Beefsteak Nazi (brown on the outside, red on the inside)

“Beefsteak Nazi” is a term originally used in the 1930s for a German who was brown (Nazi) on the outside, but red (Communist) on the inside. “Beefsteak Nazis—Brown outside but Red inside” was cited in print in 1934.
 
Related political terms include “radish” (red on the outside, white on the inside) and “watermelon” (green on the outside, red on the inside).
 
[This entry was assisted by Goerge Thompson and Garson O’Toole at the American Dialect Society listserv.]
     
 
Wikipedia: Beefsteak Nazi
Beefsteak Nazi was a term used in Nazi Germany to describe Communists who joined the Nazi Party. ‘Beefsteak Nazis’ appeared following the suppression of the German Communist Party in the 1930s, and the term was popular as early as 1933. The term was particularly used of working-class members of the Sturmabteilung (SA) who were aligned with Strasserism. The term derived from the idea that these individuals were like a ‘beefsteak’ - brown on the outside and red on the inside, with ‘brown’ referring to the colour of the uniforms, and ‘red’ to their communist sympathies. The implication of this was that their allegiance to Nazism was superficial and opportunistic.
 
14 September 1934, The Wisconsin Jewish Chronicle (Milwaukee, WI), “Strictly Confidential: Tid-Bits From Everywhere” by Phineas J. Biron, pg. 4, col. 4:
Beefsteak Nazis—Brown outside but Red inside—are said to be the latest political phenomenon in Hitlerland; from which we gather that at least the Communist are still working against Hitler.
 
Google Books
Europe Since 1870
By Preston W. Slosson
Boston, MA: Houghton Mifflin Co.
1935
Pg. 695:
Former Nationalists, like von Papen within the and Alfred Hugenberg who had been tolerated *ra” (?—ed.) for the conservative support they brought to the party, had to greet as comrades “beefsteak Nazis” (“reds” at heart under the brown shirt) who believed that the movement was primarily directed against “international capitalism.”
 
7 September 1935, The Manchester Guardian (UK), “Letters to the Editor,” pg. 10, cols. 5-6:
Might I therefore suggest that visitors to Germany look for “beefsteak” Nazis, brown outside, and red inside.
(...)
EMJANE.
 
22 September 1944, Riverside (CA) Daily Press, “Beefsteak Nazis” (editorial), pg. 1, col. 2:
“Beefsteak Nazis” are cropping out in eastern Europe as the Red armies advance.
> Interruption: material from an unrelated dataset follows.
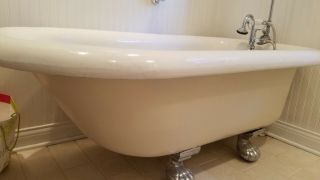 antique clawfoot tub with faucet and shower attachment - very good shape 4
This is a term applied by Kurt Singer, European journalist, to the turncoats who were very good nazis while the going was good, but are now running to cover. Like beefsteak, they are a good nazi brown on the outside, but inside they claim to be Red.
 
Their change will fool nobody. Like some beefsteaks, they will probably be done to a turn.
     
Google Books
The Saturday Evening Post
Volume 231
1959
Pg. 45:
He was to be what the Communists called a “beefsteak Nazi” — brown on top, red underneath.
 
Google Books
Why Hitler?:
The Genesis of the Nazi Reich

By Samuel W. Mitcham, Jr
Westport, CT: Praeger
1996
Pg. 120:
Most of the Strasser people were, in fact, anti-Semitic socialists—what the SA men would call “Beefsteak Nazis”: brown on the outside and red on the inside.
 
Google Books
Hate:
George Lincoln Rockwell and the American Nazi Party

By William H. Schmaltz
Washington, DC: Brassey’s
1999
Pg. 173:
Stormtrooper Andrew Chappell was known among the other party members as a “beefsteak” Nazi: Nazi brown on the outside and “Red” on the inside.